The Bahamas Weekly is pleased to welcome our newest columnist, Joseph Gaskins:

It may be best to start with a little about me. My name is Joseph Gaskins Jr., but just about everyone calls me Joey. I was born in Freeport, Grand Bahama on February 6th, 1986. I am the progeny of Wilchcombe and Charlton lineage, and that coupled with my nationality as a Bahamian makes me very proud. As a measure of my parents’ hard work and dedication, I was schooled at Mary Star of the Sea and (the institution once known as) Freeport Anglican High School. I left for college in 2003 at 17 years old and I haven’t lived at home since, for reasons which I’m sure will make their way into my writing. I studied Politics at Ithaca College and I am close to finishing a Masters in Race, Ethnicity and Post-colonial studies at the London School of Economics and I’ve been accepted as a PhD student at the same university.

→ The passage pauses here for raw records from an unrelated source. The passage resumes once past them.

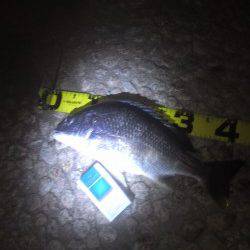 武庫川河口、ぶっこみ釣りでキビレ・セイゴ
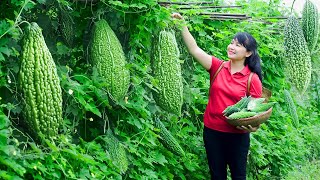 How to Harvest Bitter Melon, Goes To The Market Sell  Harvesting and Cooking | Tieu Vy Daily Life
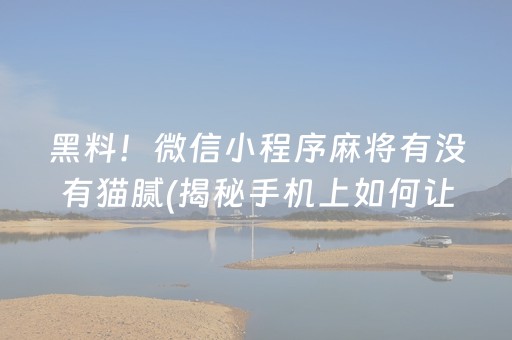 黑料！微信小程序麻将有没有猫腻(揭秘手机上如何让牌变好)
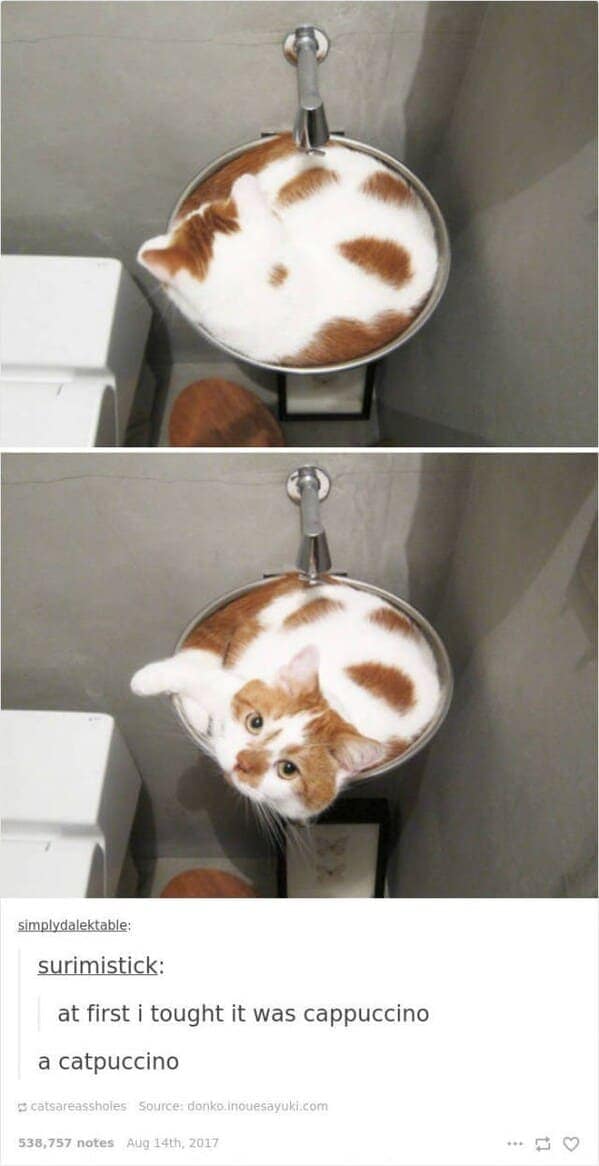 A curled-up cat in a bathroom sink looks exactly like a cappuccino, a deliciously unexpected entry in funny cat tumblr posts.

I’ve always conceived of my absence not so much as a journey away from home, but a journey toward a better home; a process of gathering—mostly tools and perhaps even answers. I don’t want to suggest that I have these answers (yet), but my journey has made me aware of two things and it is these two things that form the premise from which I write.

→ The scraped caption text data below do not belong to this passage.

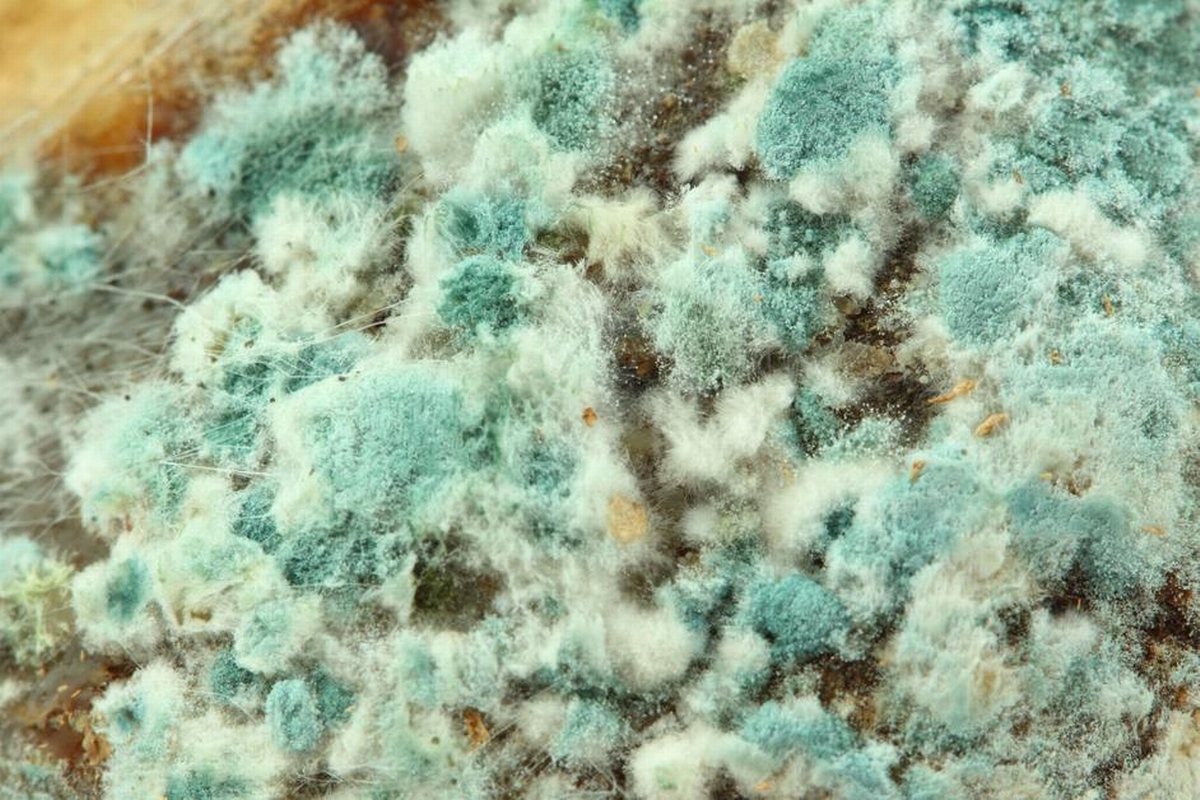 What Is Mold Mitigation and Why It Matters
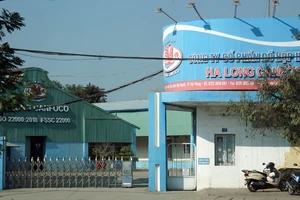 Cán bộ thú y nhận hối lộ cấp giấy khống vụ 130 tấn thịt lợn bệnh Đồ hộp Hạ Long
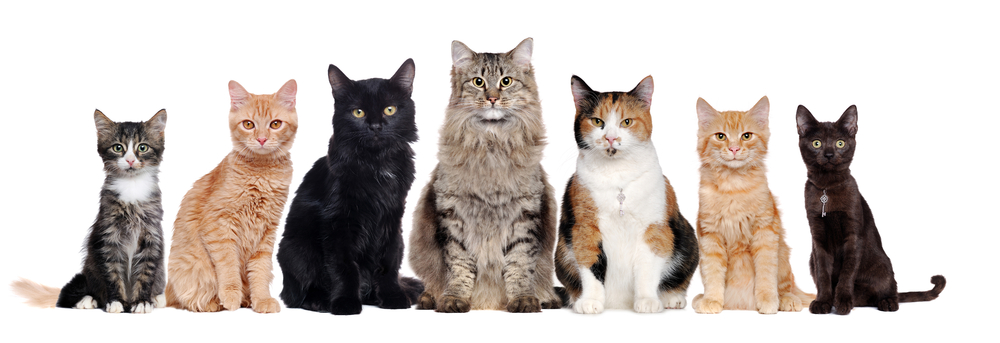 8 Common Cat Colorings That Prove Every Feline is a Work of Art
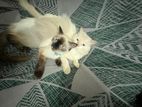 Persian Himalayan Cats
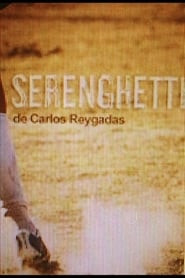 Serenghetti' Poster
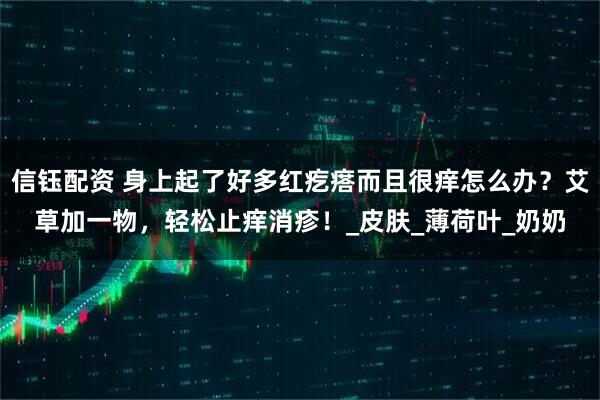 信钰配资 身上起了好多红疙瘩而且很痒怎么办？艾草加一物，轻松止痒消疹！_皮肤_薄荷叶_奶奶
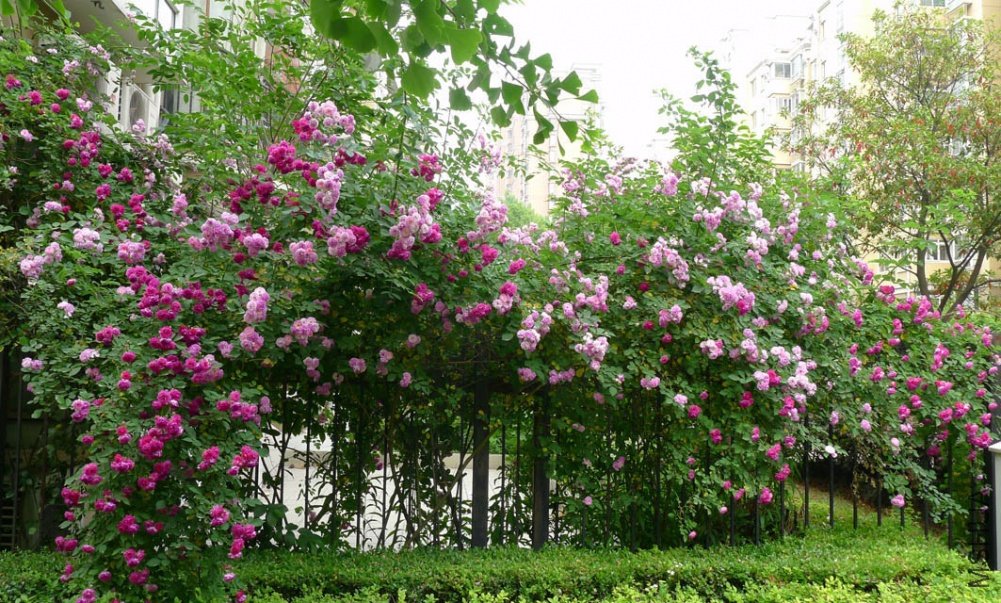Ǿޱ02.jpg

First, despite my lineage and place of birth I am not like other, “authentic” Bahamians and I don’t think I am alone in this. Amidst the traditionalist discourse of chauvinist nationalism and the lazy punditry of old men and their dusty ideas, beyond the regulations of Bahamian identity by the church, the parliament, schools and barroom, barbershop conversations, there are “new Bahamians” and new ways of being Bahamian that are revealing themselves. I invoke here Alain Locke’s seminal work, The New Negro, which was considered to be the definitive text of the Harlem Renaissance, and detailed the magnificent work of those who stepped out of the monotony of an ascribed “negro life” to aspire to something beyond it. I use “new” instead of “different” because I do not make this argument with an assumption that there is a standard from which the “new Bahamian” deviates. Rather, if there ever was a figure that was “purely” Bahamian—embodying an untainted Bahamian existence—he was likely a figment of the national imaginary, never existing but not exactly unreal, and in the face of globalization, now obsolete.

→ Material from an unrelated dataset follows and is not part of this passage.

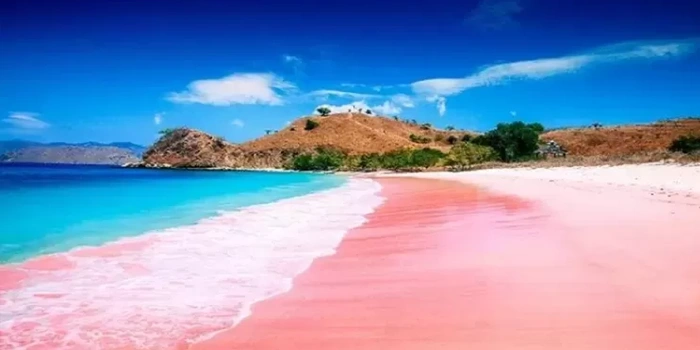 Pantai-Pink-Keindahan-dan-Pesona-Tersembunyi-dari-Nusa-Tenggara-Timur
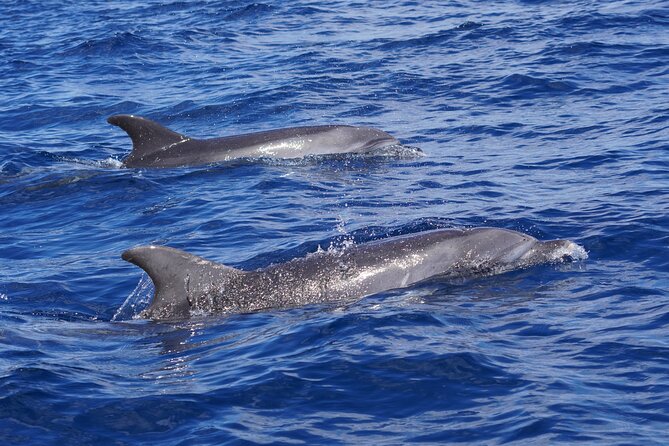 Dolphin Observation In A Small Group On A Silent Hybrid Boat - Price and value: is about $102 a fair deal?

Second, I am acutely aware that my country is in desperate need of something, and I want to argue that it is not what’s being bandied about as the radical solution. To put it simply, we don’t need a new political party…we need a new politics and those two things are distinctly different. Our independence in 1973, while a momentous occasion, should have been an ongoing project. The story we tell is that after the mace went through Parliament’s window, the colonial hold on our country shattered with it. We were independent! The Bay Street boys high-tailed it out of here, and where we (and by we, I mean blacks) were once held at bay from the reins of power, they were ours now to determine our collective destiny. My apologies for the simplistic recounting of this history, but my point is that we only inverted the equation, we never changed the math.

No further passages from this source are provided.